▶ **Assignment**
When the line with "Ouija board and candles arrangement" appears below, start repeating lines exactly, and keep going through the line with "Housing, Conditions: United"; add nothing outside that span.

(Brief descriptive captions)
· · · · ·
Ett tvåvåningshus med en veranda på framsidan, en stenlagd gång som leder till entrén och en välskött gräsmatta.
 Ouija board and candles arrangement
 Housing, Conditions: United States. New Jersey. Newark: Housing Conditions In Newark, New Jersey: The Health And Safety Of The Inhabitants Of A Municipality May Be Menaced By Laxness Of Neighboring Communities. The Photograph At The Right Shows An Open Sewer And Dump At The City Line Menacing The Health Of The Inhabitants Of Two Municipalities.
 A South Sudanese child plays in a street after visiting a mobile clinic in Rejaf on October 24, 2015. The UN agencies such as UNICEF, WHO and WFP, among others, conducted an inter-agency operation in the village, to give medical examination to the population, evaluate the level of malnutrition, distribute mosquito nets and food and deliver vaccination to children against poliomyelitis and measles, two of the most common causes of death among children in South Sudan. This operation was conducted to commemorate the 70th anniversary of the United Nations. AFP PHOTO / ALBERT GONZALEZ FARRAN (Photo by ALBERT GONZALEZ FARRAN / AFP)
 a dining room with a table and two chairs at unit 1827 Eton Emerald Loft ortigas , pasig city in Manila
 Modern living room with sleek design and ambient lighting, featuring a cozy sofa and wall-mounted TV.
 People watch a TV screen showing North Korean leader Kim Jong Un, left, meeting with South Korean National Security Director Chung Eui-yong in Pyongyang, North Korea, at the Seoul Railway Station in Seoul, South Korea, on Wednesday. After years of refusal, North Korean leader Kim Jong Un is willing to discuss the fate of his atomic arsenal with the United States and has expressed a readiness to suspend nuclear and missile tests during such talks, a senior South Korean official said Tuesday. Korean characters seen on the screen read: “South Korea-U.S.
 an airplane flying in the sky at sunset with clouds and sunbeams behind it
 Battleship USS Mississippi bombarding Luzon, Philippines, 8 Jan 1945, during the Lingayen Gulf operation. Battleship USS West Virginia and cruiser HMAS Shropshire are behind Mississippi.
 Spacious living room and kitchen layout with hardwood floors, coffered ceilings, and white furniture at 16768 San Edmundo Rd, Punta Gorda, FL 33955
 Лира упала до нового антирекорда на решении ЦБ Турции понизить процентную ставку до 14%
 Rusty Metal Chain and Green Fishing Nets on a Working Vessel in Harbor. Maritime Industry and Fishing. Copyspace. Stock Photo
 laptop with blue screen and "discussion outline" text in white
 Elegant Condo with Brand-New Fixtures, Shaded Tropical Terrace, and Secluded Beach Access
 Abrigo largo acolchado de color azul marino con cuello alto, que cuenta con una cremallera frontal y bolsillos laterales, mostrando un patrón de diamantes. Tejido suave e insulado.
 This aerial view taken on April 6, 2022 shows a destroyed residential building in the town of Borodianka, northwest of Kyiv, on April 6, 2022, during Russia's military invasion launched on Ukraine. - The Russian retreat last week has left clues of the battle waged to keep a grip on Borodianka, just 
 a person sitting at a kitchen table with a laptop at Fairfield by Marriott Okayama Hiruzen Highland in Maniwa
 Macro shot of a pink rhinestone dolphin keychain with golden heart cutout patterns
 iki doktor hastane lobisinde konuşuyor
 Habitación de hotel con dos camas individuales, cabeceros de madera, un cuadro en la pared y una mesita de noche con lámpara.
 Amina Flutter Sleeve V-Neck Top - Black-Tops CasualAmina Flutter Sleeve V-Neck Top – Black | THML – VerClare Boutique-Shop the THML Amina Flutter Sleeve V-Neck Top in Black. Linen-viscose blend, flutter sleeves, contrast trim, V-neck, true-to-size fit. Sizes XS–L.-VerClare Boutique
· · · · ·
▶ **Expected answer**
 Ouija board and candles arrangement
 Housing, Conditions: United States. New Jersey. Newark: Housing Conditions In Newark, New Jersey: The Health And Safety Of The Inhabitants Of A Municipality May Be Menaced By Laxness Of Neighboring Communities. The Photograph At The Right Shows An Open Sewer And Dump At The City Line Menacing The Health Of The Inhabitants Of Two Municipalities.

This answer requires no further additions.